Research on Ictclas Word segmentation system (I.)

Source: Internet
Author: User

Ictclas Word system is by the Chinese Academy of Sciences Zhang Huaping, Liu Qun developed a set of widely praised the word segmentation system, it is commendable that this version of the free version of the source code, for many of our beginners to provide valuable learning materials.

But one thing that's not perfect is that the source code does not have a supporting document, reading may have some obstacles, especially for C + + people who are not familiar with. I have been using JAVA/VB as the main development of the language, C + + when the university has learned, but after work has not been used, Grammar or something almost completely forgotten. But the language of this thing, the basic things are interlinked, and Java is also in C + + based on the formation of a certain similarity. Read through the source code, the main syntax should be no problem.
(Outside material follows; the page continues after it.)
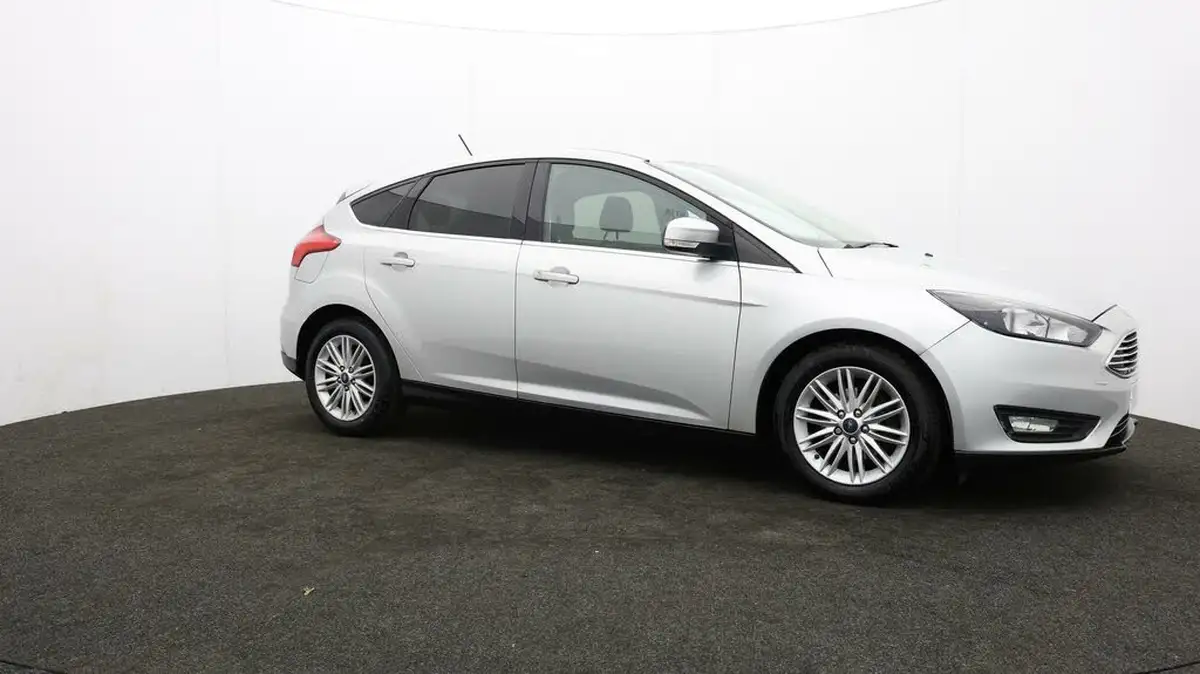 2018-ford-focus-10t-zetec-edition-125ps-hatchback-auto-big-35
Although there is no complete documentation in the Ictclas system, we can look through some of the relevant papers published by Zhang Huaping and Liu Qun, or we can pry into the main ideas.

The main idea of the word segmentation system is to CHMM (Cascade Markov Model) for word segmentation, through layering, not only increase the accuracy of word segmentation, but also ensure the efficiency of participle. It is divided into five layers, as shown in the following figure:

Basic idea: First atom segmentation, and then on the basis of the N-Shortest path rough segmentation, to find the first n most consistent with the segmentation results, generate two-yuan word list, and then the results of the component Word, then the POS tagging and completion of the main word segmentation steps.

The following is a study of the main contents of the source code:

1. First of all, the Ictclas word breaker first calls Cictclas_windlg::onbtnrun () Start the execution of the program. And it can be seen from the processing method is the source string segmentation processing. And before participle, completes the dictionary loading process, namely generates the M_ictclas object to call the constructor to complete the dictionary library loading. For the analysis of dictionary structure, please take part in the study of Word segmentation system (II.).

void Cictclas_windlg::onbtnrun ()
{

......

Place word and POS markers here

if (!m_ictclas. Paragraphprocessing ((char *) (LPCTSTR) m_ssource,sresult))
M_sresult.format ("Error: Program initialization exception.") ");
Else
M_sresult.format ("%s", sresult);/output final participle result

......

}

2. In the Onbtnrun () method calls the segmentation processing method bool Cresult::P aragraphprocessing (char *sparagraph,char *sresult) Complete the whole process of participle, It includes the POS callout of the participle. The first argument is the source string, and the second is the string after the participle. In these two methods is complete the whole word processing process, the following need to know is in this method, how to call other methods step-by-step according to the above diagram of the analysis framework to complete the word segmentation process. For simplicity's sake, let's not do the analysis of the unregistered word.

Paragraph Segment and POS Tagging
BOOL Cresult::P aragraphprocessing (char *sparagraph,char *sresult)
{

........

Processing (ssentence,1); Processing and output The result of current sentence.
Output (M_presult[0],ssentenceresult,bfirstignore); Output to the imediate result

.......

}

3. The main word segmentation is in the processing () method, which occurs in the following we have further analysis of it.

BOOL Cresult::P rocessing (char *ssentence,unsigned int ncount)
{

......

To carry out a two-prong participle

M_seg.bisegment (Ssentence, M_dsmoothingpara,m_dictcore,m_dictbigram,ncount);

......

Place a POS callout here

M_postagger.postagging (M_seg.m_pwordseg[nindex],m_dictcore,m_dictcore);

......

}

4. Now we first ignore the POS tagging, focus on the binary participle, because this is the first step of the two key steps of participle.

Reference articles:

1.<< based on cascading implicit Ma Mo-type Chinese lexical analysis >> Liu Qun Zhang Huaping, etc.

2.<< >> of Chinese words based on the n-Shortest path; Zhang Huaping Liu Qun

Contact Us

The content source of this page is from Internet, which doesn't represent Alibaba Cloud's opinion; products and services mentioned on that page don't have any relationship with Alibaba Cloud. If the content of the page makes you feel confusing, please write us an email, we will handle the problem within 5 days after receiving your email.

If you find any instances of plagiarism from the community, please send an email to: info-contact@alibabacloud.com and provide relevant evidence. A staff member will contact you within 5 working days.

A Free Trial That Lets You Build Big!

Start building with 50+ products and up to 12 months usage for Elastic Compute Service

  • Sales Support

    1 on 1 presale consultation

  • After-Sales Support

    24/7 Technical Support 6 Free Tickets per Quarter Faster Response

  • Alibaba Cloud offers highly flexible support services tailored to meet your exact needs.